The real question is about "data richness" requirements with audio. I am trying to determine if long term audio recordings are actually important for research in most cases, or if it is just the current status quo for detecting a small number of animals because of available hardware? For instance, when conducting surveys with devices like audiomoth or other continual monitoring devices, is the focus typically on analyzing a small number of animal calls (for a single animal / few animals), or is it crucial to actually record the entire range of audio (and all potential animals)?

In other words, would a system capable of identifying between 10 - 30 distinct animal sounds using AI, which then records a timestamp, geodata, and the animal type/call detected into a CSV file provide a useful depth of information, or would it be too incomplete to provide value in many/some/most use cases?

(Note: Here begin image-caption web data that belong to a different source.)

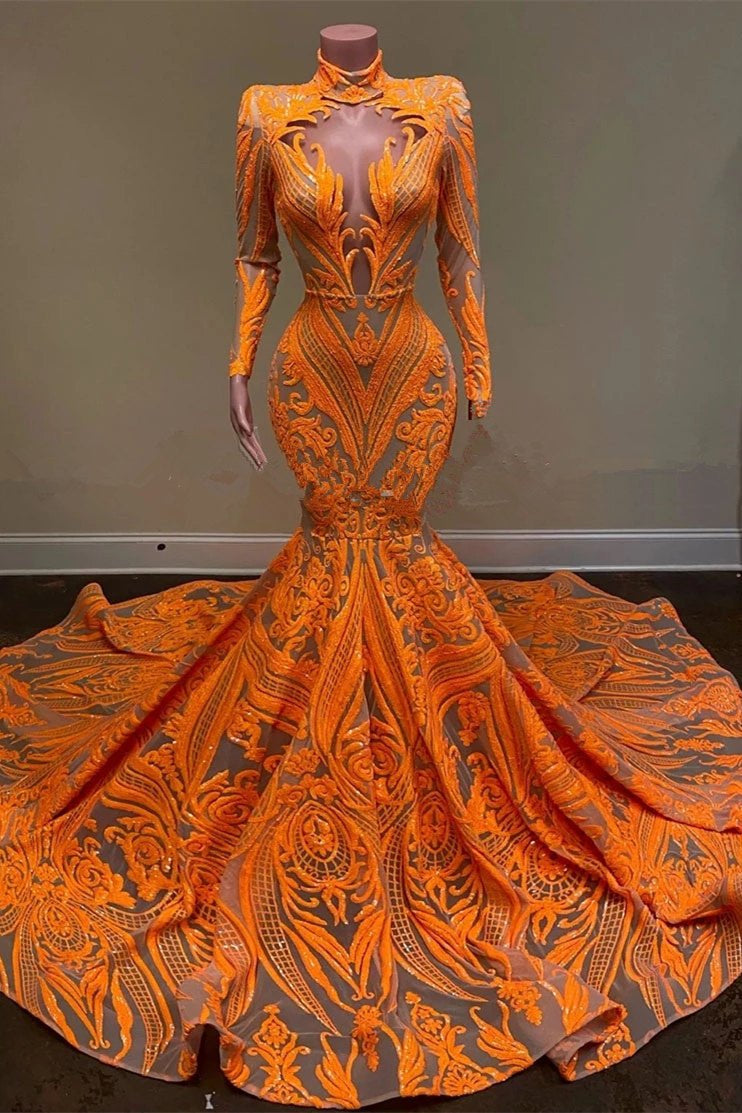 Unique Orange Long Sleeves Mermaid Corset Prom Dress Sequins Gowns, Bridesmaids Dresses Gold
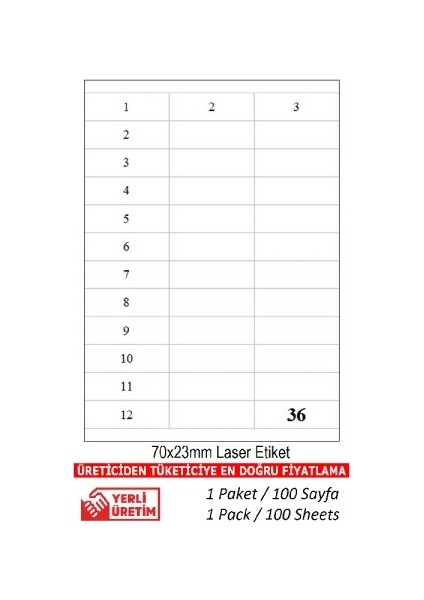 Etiket TW-2433 100 A4 Sayfa Laser Etiket 70X23 1 A4 Sayfada 36 Etiket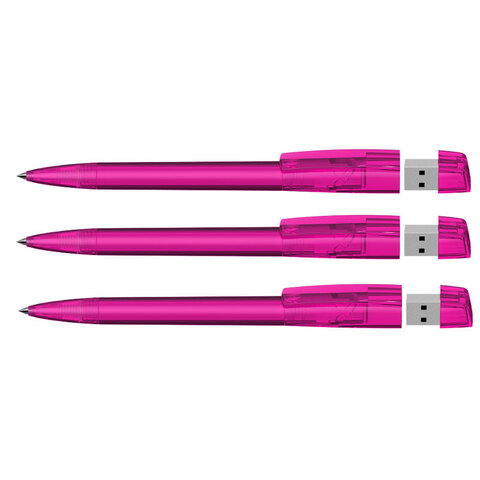 KLIO Pen Transparent med plast tip 4 GB usb stik.-Pink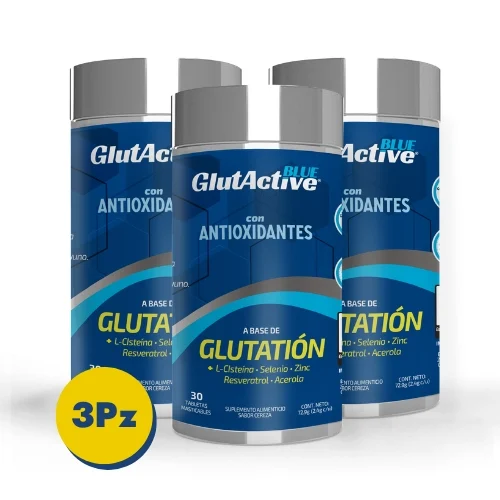 Comprar Glutactive Blue: Suplemento Con Glutatión, L-Cisteína, Antioxidantes Con 30 Tabletas Masticables Pack 3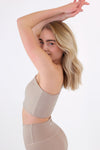 ONE SHOULDER YOGA TOP - TAUPE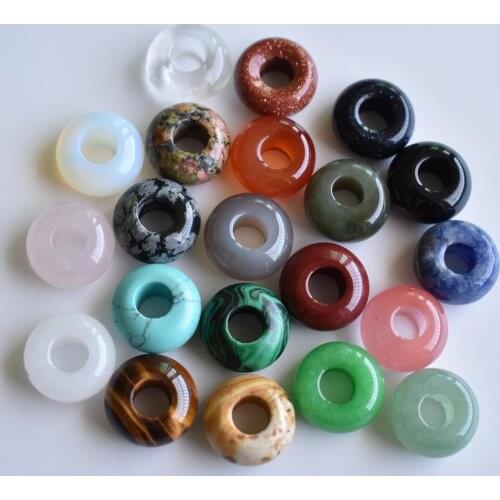 2020 Fashion good quality natural stone mixed round shape big hole beads For Bracelet Charms 50pcs/lot wholesale free shipping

Another way of framing this might be; what is the comparitive volume of research conducted that simply seeks to determine space, time, and detection data on a small number of animals vs detecting a large range of animals or needing to understand context from sounds which must come from recordings?

I could imagine scenarios like detecting periodic endangered species where you would not want to miss the detection. Monitoring very bio-diverse areas for a plethora of wildlife to require full audio recordings to really pick up the depth and variety. Situations where you want to hear vocal tone and expressions. etc. However being an engineer, I am not quite sure how often one vs another is actually implemented in the field.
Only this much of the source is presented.